EXERCISE GOAL >> Among the lines below, keep only those from the one containing "Airplane flying above the clouds" through the one containing "A spacious kitchen", and reproduce them exactly.

** THE INPUT follows **

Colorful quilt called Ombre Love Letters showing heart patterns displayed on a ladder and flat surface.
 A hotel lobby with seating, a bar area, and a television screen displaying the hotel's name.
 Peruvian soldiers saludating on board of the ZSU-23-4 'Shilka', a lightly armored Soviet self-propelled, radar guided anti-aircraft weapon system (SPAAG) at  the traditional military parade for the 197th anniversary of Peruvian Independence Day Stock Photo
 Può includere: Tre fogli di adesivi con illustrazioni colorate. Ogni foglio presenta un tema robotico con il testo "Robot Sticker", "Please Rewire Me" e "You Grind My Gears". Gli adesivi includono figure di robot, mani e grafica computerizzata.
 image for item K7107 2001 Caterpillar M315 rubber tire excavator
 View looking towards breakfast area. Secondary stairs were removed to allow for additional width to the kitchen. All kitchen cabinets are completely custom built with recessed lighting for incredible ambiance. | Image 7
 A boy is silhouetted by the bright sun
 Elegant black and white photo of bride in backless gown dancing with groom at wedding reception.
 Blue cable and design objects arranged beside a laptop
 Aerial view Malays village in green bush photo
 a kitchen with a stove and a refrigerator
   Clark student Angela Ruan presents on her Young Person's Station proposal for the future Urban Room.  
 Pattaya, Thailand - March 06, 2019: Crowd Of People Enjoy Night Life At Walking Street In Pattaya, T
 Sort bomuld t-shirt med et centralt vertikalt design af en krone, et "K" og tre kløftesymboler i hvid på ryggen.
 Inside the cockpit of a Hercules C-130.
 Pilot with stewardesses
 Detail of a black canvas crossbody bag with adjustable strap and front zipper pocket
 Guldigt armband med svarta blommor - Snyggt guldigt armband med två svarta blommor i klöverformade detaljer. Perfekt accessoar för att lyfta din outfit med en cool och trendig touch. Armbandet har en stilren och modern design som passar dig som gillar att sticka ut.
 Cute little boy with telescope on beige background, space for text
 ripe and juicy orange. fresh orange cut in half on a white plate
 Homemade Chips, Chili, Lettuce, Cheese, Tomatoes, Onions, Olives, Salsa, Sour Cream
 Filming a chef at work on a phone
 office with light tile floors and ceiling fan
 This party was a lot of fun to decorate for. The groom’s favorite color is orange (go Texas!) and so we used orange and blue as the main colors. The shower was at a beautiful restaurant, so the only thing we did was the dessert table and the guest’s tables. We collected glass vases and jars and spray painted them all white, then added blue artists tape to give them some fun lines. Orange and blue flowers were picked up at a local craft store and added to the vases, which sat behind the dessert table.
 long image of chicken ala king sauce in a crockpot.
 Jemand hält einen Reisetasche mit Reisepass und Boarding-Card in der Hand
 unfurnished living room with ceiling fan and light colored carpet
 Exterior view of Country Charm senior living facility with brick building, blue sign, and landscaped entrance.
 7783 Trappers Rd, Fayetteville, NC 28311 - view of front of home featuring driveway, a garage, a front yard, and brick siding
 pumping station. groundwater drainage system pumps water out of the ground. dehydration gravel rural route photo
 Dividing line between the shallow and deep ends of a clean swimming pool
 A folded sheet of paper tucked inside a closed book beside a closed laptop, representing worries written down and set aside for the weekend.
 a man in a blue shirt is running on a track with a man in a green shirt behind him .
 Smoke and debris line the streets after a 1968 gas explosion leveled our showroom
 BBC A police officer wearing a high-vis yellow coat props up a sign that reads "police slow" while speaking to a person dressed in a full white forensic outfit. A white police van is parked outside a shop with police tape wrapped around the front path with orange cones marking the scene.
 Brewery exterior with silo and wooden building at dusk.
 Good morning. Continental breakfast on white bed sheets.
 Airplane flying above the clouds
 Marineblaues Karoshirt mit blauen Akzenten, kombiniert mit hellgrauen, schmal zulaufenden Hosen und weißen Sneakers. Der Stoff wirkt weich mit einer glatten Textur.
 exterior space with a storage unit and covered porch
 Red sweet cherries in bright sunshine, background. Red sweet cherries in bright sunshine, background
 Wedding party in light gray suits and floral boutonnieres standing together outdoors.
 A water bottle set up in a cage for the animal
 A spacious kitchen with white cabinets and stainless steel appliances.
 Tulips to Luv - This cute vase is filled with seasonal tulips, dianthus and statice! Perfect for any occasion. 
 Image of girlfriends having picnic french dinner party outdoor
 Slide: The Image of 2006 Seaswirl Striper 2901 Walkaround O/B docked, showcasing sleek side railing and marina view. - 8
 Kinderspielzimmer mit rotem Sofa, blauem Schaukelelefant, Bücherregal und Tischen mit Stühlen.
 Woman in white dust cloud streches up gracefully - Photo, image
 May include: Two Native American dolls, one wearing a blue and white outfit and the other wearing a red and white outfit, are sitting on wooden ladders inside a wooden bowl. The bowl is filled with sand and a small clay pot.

** End of THE INPUT **

WRITTEN SOLUTION >>
 Airplane flying above the clouds
 Marineblaues Karoshirt mit blauen Akzenten, kombiniert mit hellgrauen, schmal zulaufenden Hosen und weißen Sneakers. Der Stoff wirkt weich mit einer glatten Textur.
 exterior space with a storage unit and covered porch
 Red sweet cherries in bright sunshine, background. Red sweet cherries in bright sunshine, background
 Wedding party in light gray suits and floral boutonnieres standing together outdoors.
 A water bottle set up in a cage for the animal
 A spacious kitchen with white cabinets and stainless steel appliances.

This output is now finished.